**What is expected:** Please retype the records below exactly, omitting any images.

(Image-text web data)
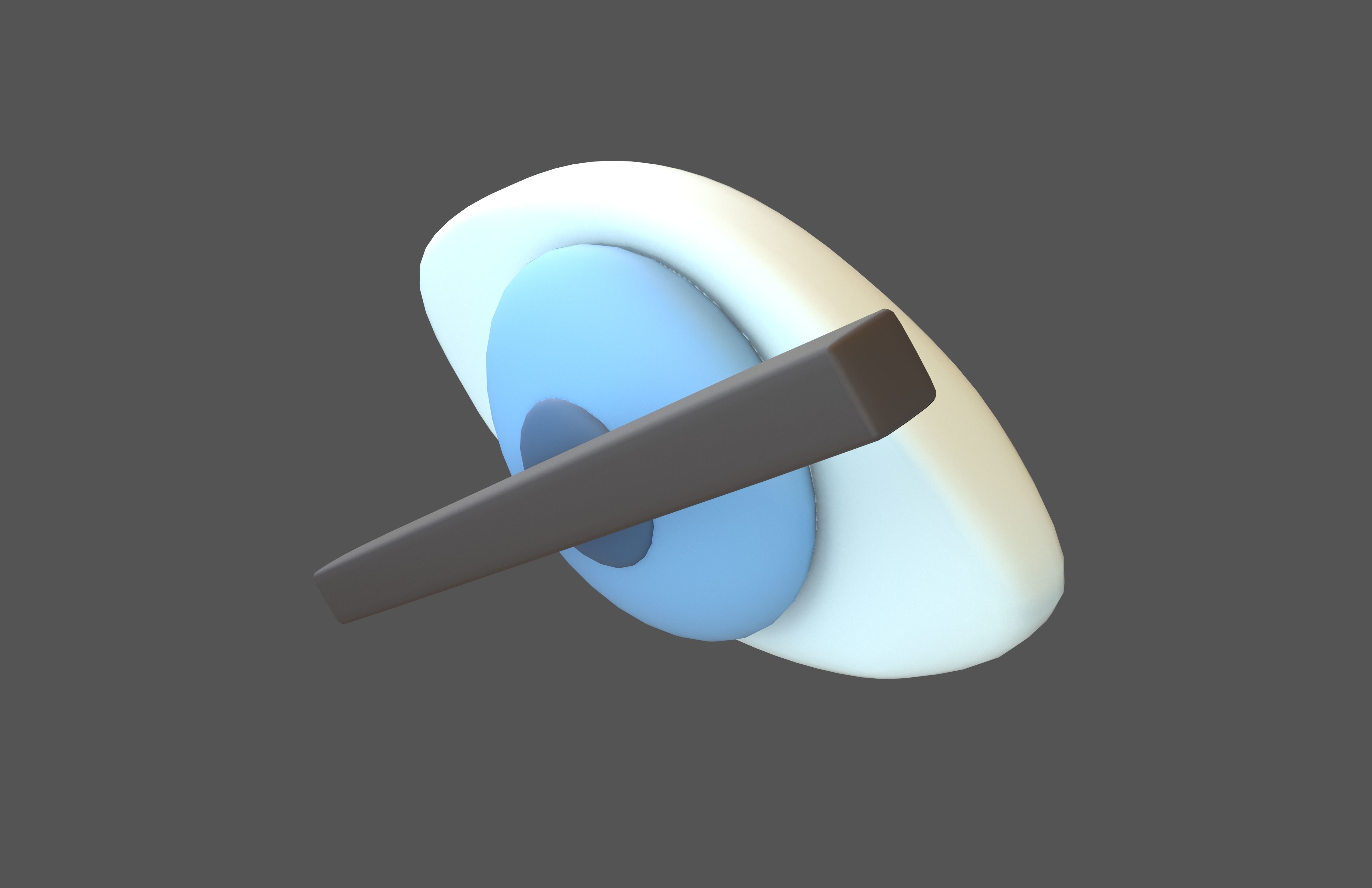 Invisibility Icon V1 001 Low-poly 3D model_2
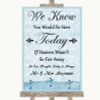 Blue Shabby Chic Loved Ones In Heaven Personalized Wedding Sign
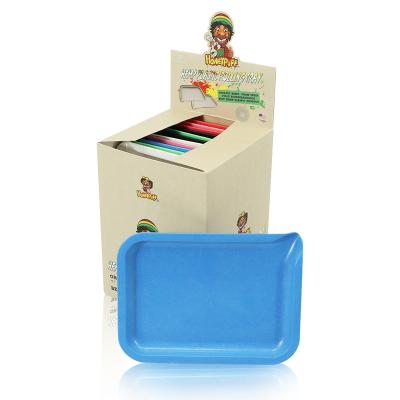 China Wholesale Portable Cigarette Rolling Tobacco Dish Hand Roller Tobacco Storage Rolling Smoking Tray Plastic Cigarette Container Tray for sale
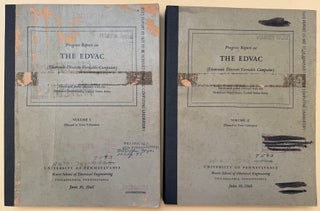 Progress report (2) on the EDVAC. 2 vols. No. 16 of 20 copies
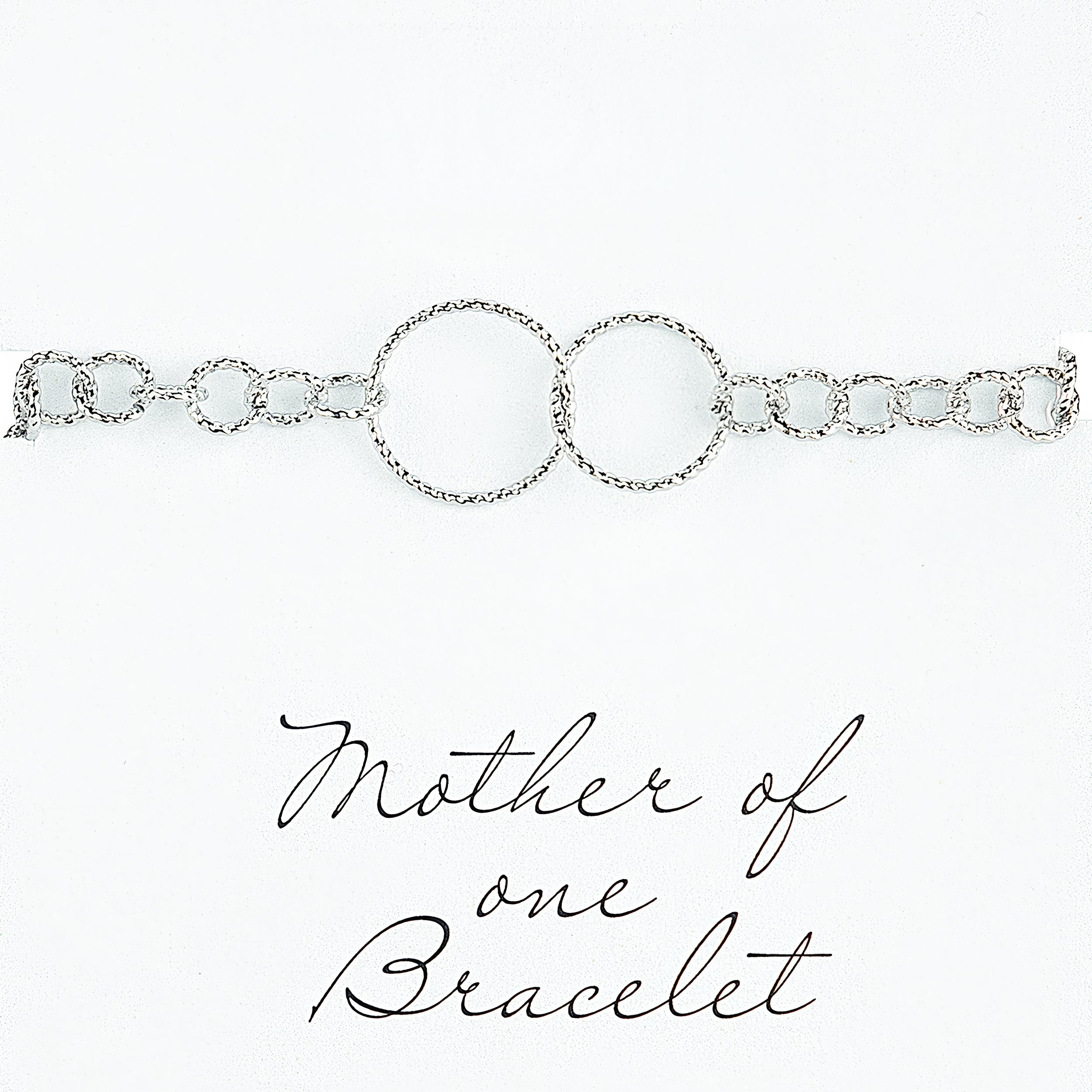 Alexa's Angels Silver Circles of Love Mom Bracelet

**Solution for this task:**
 Invisibility Icon V1 001 Low-poly 3D model_2
 Blue Shabby Chic Loved Ones In Heaven Personalized Wedding Sign
 China Wholesale Portable Cigarette Rolling Tobacco Dish Hand Roller Tobacco Storage Rolling Smoking Tray Plastic Cigarette Container Tray for sale
 Progress report (2) on the EDVAC. 2 vols. No. 16 of 20 copies
 Alexa's Angels Silver Circles of Love Mom Bracelet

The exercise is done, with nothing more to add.